Natalie Patterson, a Teaching Artist and Workshop Facilitator with Art with Impact asked participants in the workshop to think about how characters on TV with mental illness are portrayed. The answers were not positive and they described negative portrayals.
“That’s really important to note and to think about because this is the kind of media we consume regularly and it’s giving us really negative messages,” Patterson, the host of the workshop, said.
Art with Impact used videos created by different young producers and one organization to cinematically capture the trauma of a person who suffered from depression or anxiety.
Three award-winning films were presented in the workshop that used artistic license to bring to life the devastating consequences of mental illness.
The first film was “The Conversation That Never Happened” produced by Gordon Yao, a resident physician as well as a filmmaker. In the film, a child had a hard conversation with his mother about his struggle with depression and how it affected his schoolwork.
Yao’s goal in producing the film was to normalize conversations regarding mental illness in Asian families. Asian-North Americans are more at risk of depression and suicide due to a stigma barrier in the culture as well as the shame of seeking help, according to his film.
The second film was “Xiety” directed by Carlos Torres, an award-winning director, as well as lead editor and sound designer. Featured in the film are actor and director Karen Torres. This cinema artistically captured a woman who was having a panic attack at a restaurant. The film used creative illustrations, such as the woman submerged underwater or the woman running through a forest, to describe the feelings people may undergo in a panic attack.

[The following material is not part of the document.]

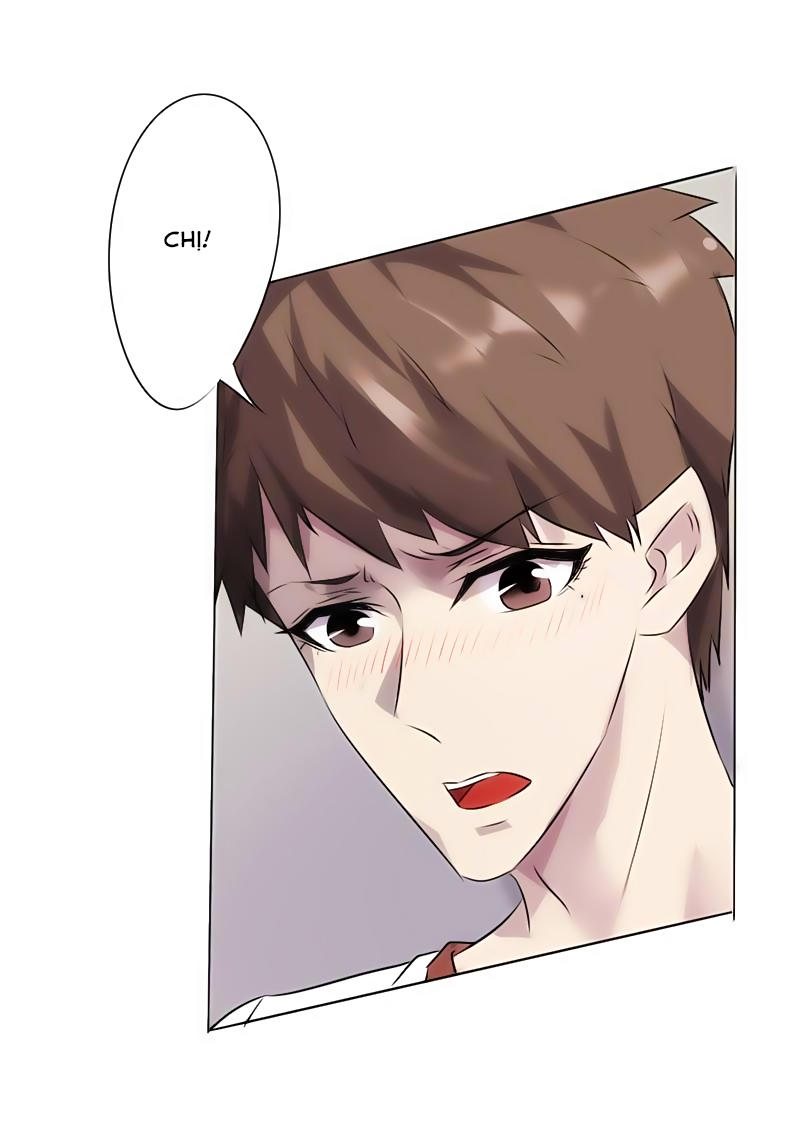 tối cường nông dân hệ thống chapter 8 9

Workshop participants responded to the film, commenting on the accuracy of the depiction of what one goes through during an attack. One participant felt their own anxiety triggered while watching the film and a couple of others were relieved to know other people also suffer from panic disorder.

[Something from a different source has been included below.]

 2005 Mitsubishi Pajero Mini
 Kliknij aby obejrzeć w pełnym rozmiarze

The third and final film was “Staging Face” produced by Steph Young, Jake Ivany and Vie Jones, who is part of Asterix Media. In the film, three drag performers talk about their struggle to fit in a society that has yet to understand and accept their gender identity. They each reveal their personal and mental struggles in being accepted for who they are, such as being referred to with their proper pronouns. The only place they truly felt accepted and comfortable was on the stage in performing drag.

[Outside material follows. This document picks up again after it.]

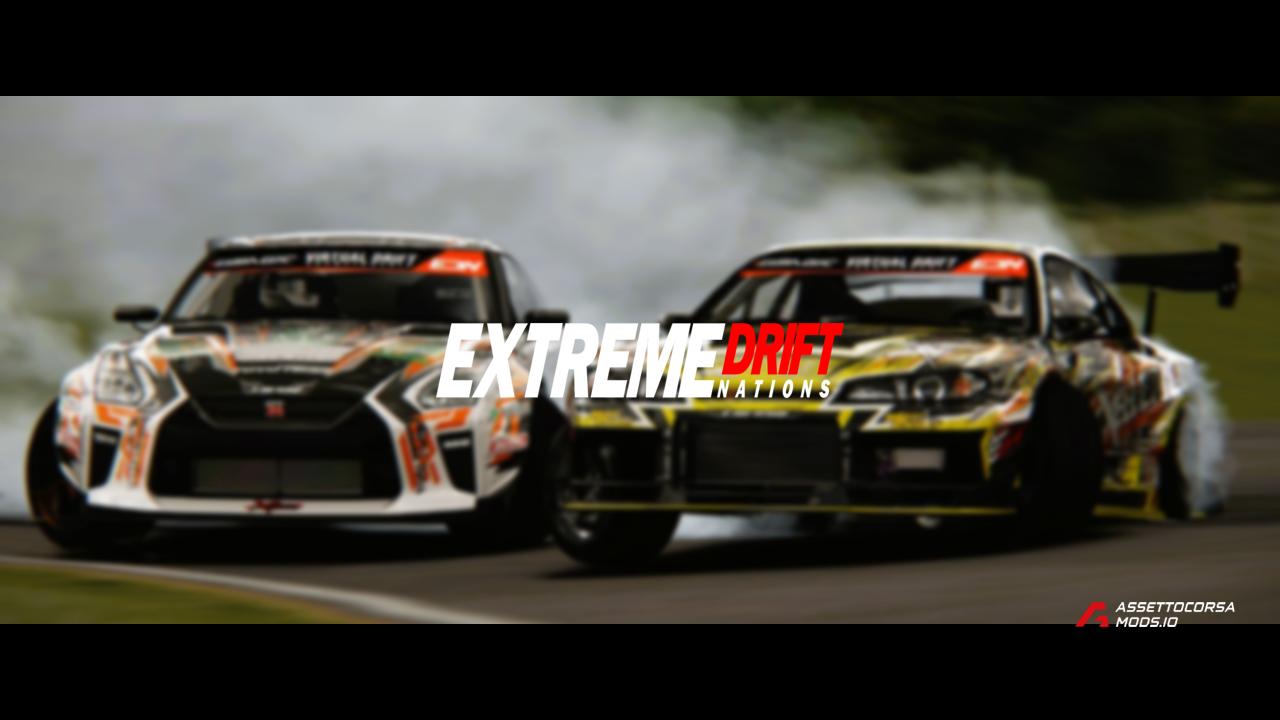 EDN 2024 - Autódromo Internacional Goiânia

The film provided a raw view of how it is to be a part of the LGBTQ+ community but struggle to feel comfortable in society as their genuine selves. The drag performers experienced being laughed at or argued with when they corrected their peers on their proper pronouns.
The goal of the Movies for Mental Health workshop was to help attendees realize mental illness is real and that the stigma against mental illness is the biggest barrier that has prevented people from getting the help they need to cope and recover.
With a cinematic visual to capture the raw and real tragedies of mental illness, there is a hope that these films will open society’s eyes to the seriousness of mental health in an effort to erase the stigma that has prevented so many from getting the care that they need.